To determine whether a human region is conserved in mouse (see Methods for detail), we first calculated how conserved a random human non-coding region is in the mouse genome. Figure shows the distribution of the conservation score of a random 1 kb long human non-coding repeat-free sequence. Note that this conservation score is a sum of the similarity scores of individual CHAOS segments in a pair of 1 kb long regions. Since it is estimated that at least 3.5% of human non-coding sequences are under constraint [19
], we choose the top 3.5% cut-off in this distribution to define the conserved regions. Note that we assume the constrained sequences are conserved here, which may not be true for some short constrained sequences. Please also keep in mind that, the 3.5% may be an underestimate of the constraint sequences in the human genome [20
]. For any region with a conservation score in the top 3.5% of scores for random regions, we claim this region is conserved between human and mouse. We next calculated the conservation score of a functional human region. By comparing these two distributions, we found that about 12.8% of (22 out of 172) TFBS-clustered regions are conserved in mouse, and about 19.2% of (279 out of 1470) DHS regions are conserved in mouse.
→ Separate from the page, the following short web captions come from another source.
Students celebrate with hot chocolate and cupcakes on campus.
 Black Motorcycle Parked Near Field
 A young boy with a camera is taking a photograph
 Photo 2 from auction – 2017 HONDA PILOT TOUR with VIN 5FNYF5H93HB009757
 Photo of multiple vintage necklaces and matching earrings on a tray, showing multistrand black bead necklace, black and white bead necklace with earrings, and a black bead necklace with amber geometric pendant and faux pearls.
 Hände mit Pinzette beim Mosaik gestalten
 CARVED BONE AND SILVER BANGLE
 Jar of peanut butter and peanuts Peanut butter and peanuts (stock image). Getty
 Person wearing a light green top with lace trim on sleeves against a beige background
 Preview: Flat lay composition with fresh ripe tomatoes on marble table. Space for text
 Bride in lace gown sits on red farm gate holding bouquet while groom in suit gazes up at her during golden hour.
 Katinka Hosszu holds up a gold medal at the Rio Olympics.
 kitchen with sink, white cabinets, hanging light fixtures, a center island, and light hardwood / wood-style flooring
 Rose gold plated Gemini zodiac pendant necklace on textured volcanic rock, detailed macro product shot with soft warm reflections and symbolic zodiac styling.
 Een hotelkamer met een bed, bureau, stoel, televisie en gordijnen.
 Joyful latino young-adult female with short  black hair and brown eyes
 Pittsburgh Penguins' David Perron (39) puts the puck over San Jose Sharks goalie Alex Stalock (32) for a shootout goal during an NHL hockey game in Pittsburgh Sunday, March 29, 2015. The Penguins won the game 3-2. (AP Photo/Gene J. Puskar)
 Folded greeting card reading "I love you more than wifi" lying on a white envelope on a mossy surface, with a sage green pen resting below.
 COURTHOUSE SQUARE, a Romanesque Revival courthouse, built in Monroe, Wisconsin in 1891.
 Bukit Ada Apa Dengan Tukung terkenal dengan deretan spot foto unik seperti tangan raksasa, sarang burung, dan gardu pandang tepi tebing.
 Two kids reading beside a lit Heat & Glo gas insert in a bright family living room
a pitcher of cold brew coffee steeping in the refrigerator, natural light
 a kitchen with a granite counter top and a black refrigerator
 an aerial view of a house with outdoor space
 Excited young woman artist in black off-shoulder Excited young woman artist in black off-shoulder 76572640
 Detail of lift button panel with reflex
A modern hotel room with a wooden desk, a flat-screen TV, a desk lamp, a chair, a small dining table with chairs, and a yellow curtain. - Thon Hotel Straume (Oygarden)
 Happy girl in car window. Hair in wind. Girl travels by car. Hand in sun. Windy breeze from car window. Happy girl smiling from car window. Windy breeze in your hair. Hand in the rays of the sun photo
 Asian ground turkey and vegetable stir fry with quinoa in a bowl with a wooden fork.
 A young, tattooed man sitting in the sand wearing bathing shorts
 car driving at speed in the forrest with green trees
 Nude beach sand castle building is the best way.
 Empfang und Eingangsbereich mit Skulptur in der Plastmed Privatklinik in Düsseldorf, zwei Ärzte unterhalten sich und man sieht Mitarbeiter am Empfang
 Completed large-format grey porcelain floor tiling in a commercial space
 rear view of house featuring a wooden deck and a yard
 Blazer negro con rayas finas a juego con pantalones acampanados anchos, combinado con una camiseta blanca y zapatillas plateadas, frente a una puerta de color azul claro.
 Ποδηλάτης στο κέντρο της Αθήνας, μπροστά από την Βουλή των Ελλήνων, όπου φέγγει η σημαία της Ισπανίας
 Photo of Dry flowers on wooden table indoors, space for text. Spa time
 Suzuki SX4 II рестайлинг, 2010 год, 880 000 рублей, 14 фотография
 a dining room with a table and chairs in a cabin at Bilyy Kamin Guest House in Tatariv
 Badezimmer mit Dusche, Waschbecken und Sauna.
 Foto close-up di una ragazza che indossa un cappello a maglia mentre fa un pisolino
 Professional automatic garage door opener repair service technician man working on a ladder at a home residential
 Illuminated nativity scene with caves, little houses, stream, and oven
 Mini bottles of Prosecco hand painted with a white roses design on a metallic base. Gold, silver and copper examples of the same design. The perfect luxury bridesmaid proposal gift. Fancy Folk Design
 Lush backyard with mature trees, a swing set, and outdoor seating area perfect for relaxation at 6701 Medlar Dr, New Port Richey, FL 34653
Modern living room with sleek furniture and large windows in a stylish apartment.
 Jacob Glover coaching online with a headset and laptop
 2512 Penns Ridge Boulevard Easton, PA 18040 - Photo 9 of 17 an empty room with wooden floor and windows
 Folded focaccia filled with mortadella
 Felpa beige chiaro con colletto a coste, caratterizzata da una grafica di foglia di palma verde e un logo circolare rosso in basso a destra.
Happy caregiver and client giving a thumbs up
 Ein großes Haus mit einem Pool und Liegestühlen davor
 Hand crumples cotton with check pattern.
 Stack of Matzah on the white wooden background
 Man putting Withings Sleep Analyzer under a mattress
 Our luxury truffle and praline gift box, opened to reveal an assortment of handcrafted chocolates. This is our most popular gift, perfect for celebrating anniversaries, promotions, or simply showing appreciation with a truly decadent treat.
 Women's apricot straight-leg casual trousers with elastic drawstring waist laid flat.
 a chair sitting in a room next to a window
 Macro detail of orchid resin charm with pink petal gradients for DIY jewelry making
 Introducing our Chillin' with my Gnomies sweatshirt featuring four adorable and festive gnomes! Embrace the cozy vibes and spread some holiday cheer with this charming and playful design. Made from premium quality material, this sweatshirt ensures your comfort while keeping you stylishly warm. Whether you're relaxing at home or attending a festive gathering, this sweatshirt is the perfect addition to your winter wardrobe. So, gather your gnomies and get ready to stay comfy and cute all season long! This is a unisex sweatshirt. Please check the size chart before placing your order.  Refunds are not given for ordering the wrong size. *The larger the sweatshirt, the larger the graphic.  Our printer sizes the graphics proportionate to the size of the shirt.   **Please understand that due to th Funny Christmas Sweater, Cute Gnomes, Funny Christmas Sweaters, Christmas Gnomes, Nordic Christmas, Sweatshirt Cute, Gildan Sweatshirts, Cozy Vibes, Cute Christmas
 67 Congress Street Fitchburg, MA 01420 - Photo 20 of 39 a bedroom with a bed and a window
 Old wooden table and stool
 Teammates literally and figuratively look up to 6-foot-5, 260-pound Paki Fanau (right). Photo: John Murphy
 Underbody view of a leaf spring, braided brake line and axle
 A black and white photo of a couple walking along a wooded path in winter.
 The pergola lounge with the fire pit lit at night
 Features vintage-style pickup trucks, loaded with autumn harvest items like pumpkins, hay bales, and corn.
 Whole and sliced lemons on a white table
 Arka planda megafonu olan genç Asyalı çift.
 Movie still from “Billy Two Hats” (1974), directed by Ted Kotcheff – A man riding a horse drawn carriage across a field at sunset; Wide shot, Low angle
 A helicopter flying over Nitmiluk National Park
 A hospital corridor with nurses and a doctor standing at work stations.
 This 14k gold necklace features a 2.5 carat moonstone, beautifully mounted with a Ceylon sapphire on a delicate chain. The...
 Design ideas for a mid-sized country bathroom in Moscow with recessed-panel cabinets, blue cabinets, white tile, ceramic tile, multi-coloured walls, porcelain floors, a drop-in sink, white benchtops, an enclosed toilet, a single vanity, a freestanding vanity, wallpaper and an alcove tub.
Figure 7 The distributions of the conservation scores. The distribution of the conservation score of a random 1 kb long human non-coding region aligned with mouse sequence is plotted with a solid line. The distributions of the conservation score of functional (more ...)
If we consider the contiguous sequence similarity for the TFBS-clustered conserved regions, the percentage of sequence identity is from 46.1% to 78.0%, with a median of 67.4%. For the DHS conserved regions, the percentage of sequence identity is from 23.8% to 92.1%, with a median of 69.8%. It is thus evident that many conserved regions are neglected by the current conservation studies.